* **Exercise objective**
If an entry contains a picture, omit that picture and transcribe everything else exactly.

* **Material shown**

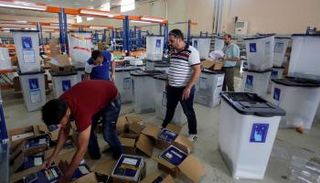 مركز جمع وفرز صناديق الاقتراع بانتخابات عراقية سابقة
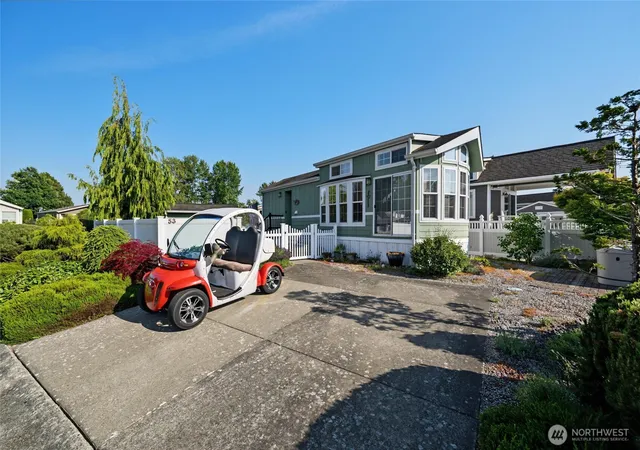 Photo 4 of Sale Pending at 4751 Birch Bay Lynden #53, Blaine, WA 98230 | MLS# NWM2572986 | Listing updated on 2026-09-25
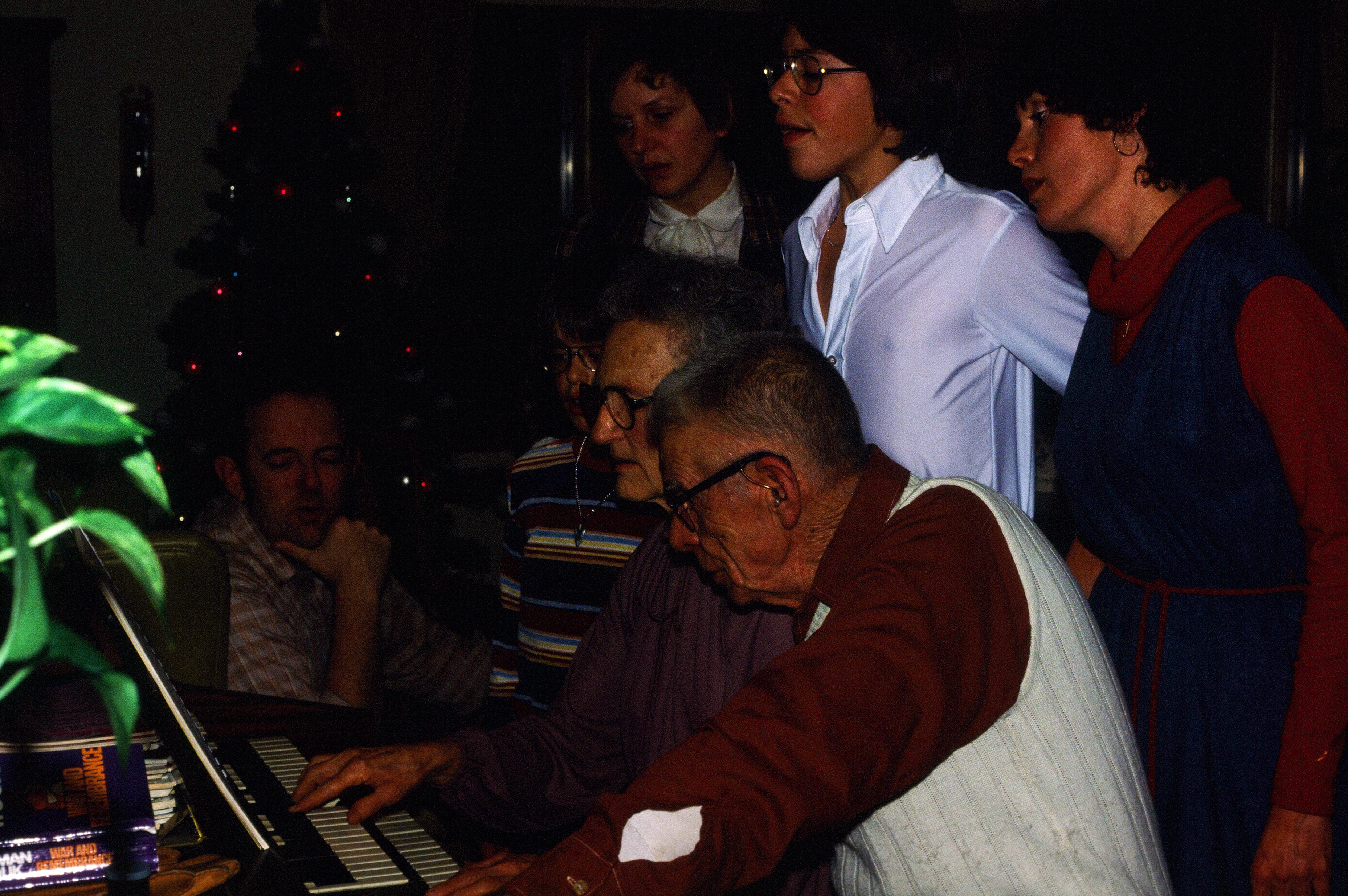 00023 s 15amyghxq60023 g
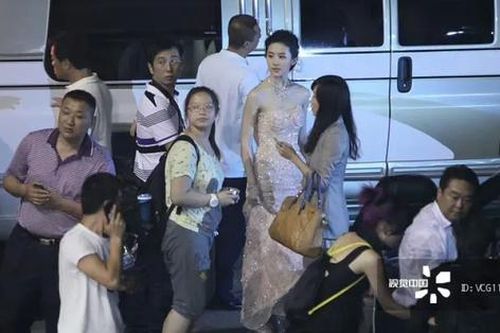 Lưu Diệc Phi chứng minh nét đẹp tỏa sáng ở mọi khung cảnh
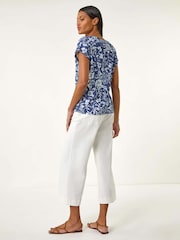 Camiseta Roman Floral com Decote Recortado - Imagem 3 de 5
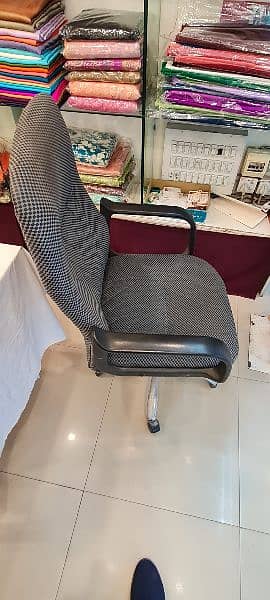 Office Chair for sale in Islamabad 1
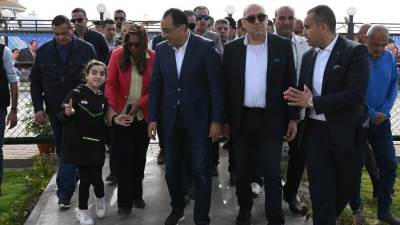 رئيس الوزراء يتفقد نادي وشاطئ "قادرون" لذوي الهمم بمدينة دمياط الجديدة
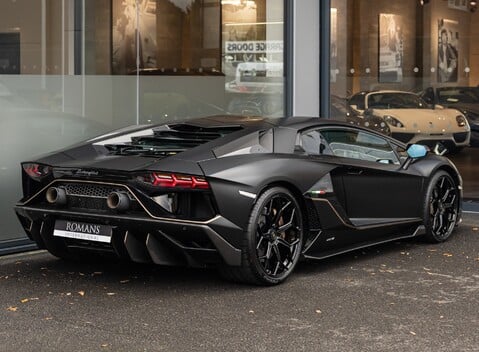 Lamborghini Aventador LP 780-4 ULTIMAE 4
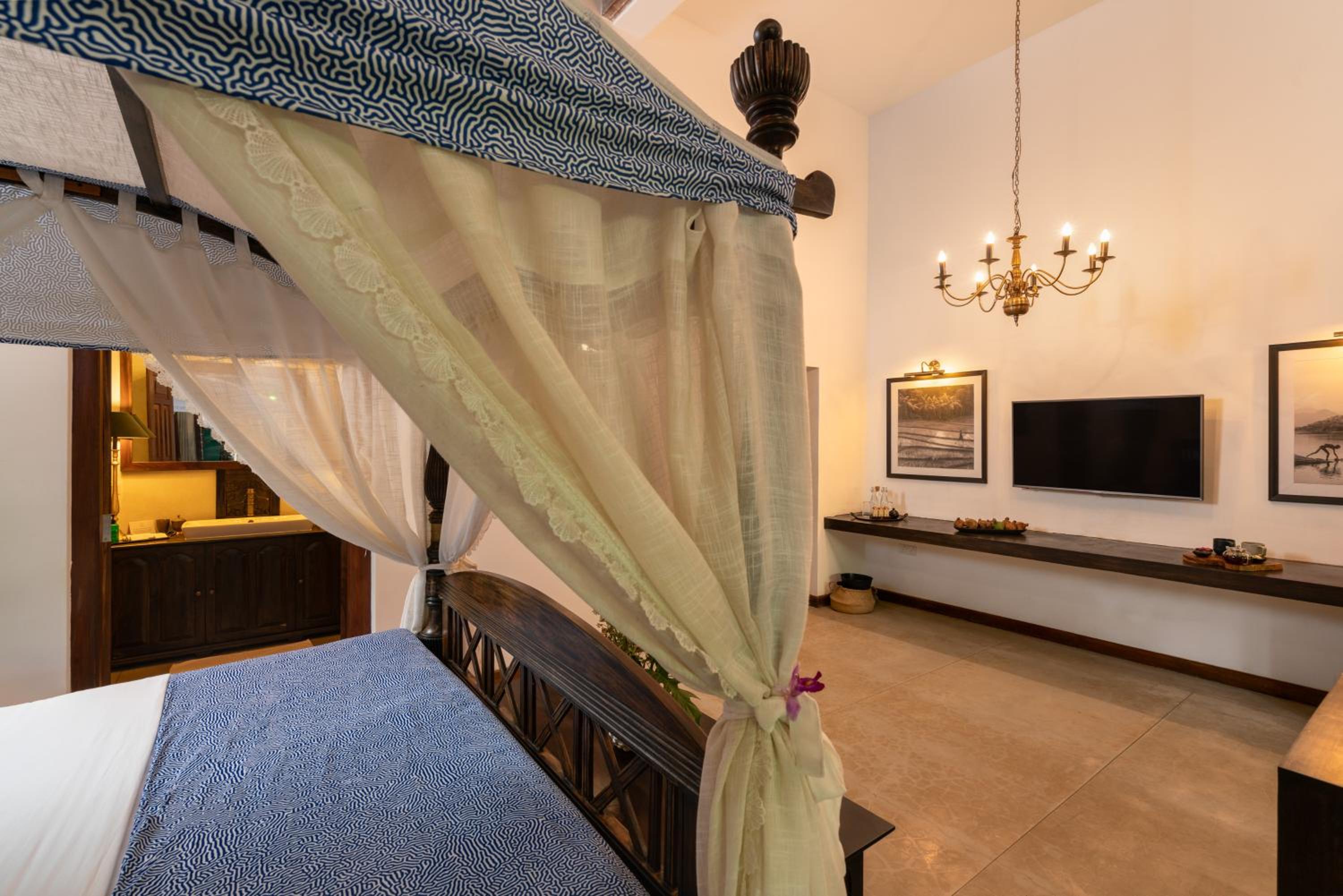 Deluxe Double Room with Garden View - Early Check-in & Late Check-out (12 NOON & 2 PM on Subject to availability), Kids under 5 years stay and dine for FREE & Free Upgrade (on availability)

* **Solution to this exercise**
 مركز جمع وفرز صناديق الاقتراع بانتخابات عراقية سابقة
 Photo 4 of Sale Pending at 4751 Birch Bay Lynden #53, Blaine, WA 98230 | MLS# NWM2572986 | Listing updated on 2026-09-25
 00023 s 15amyghxq60023 g
 Lưu Diệc Phi chứng minh nét đẹp tỏa sáng ở mọi khung cảnh
 Camiseta Roman Floral com Decote Recortado - Imagem 3 de 5
 Office Chair for sale in Islamabad 1
 رئيس الوزراء يتفقد نادي وشاطئ "قادرون" لذوي الهمم بمدينة دمياط الجديدة
 Lamborghini Aventador LP 780-4 ULTIMAE 4
 Deluxe Double Room with Garden View - Early Check-in & Late Check-out (12 NOON & 2 PM on Subject to availability), Kids under 5 years stay and dine for FREE & Free Upgrade (on availability)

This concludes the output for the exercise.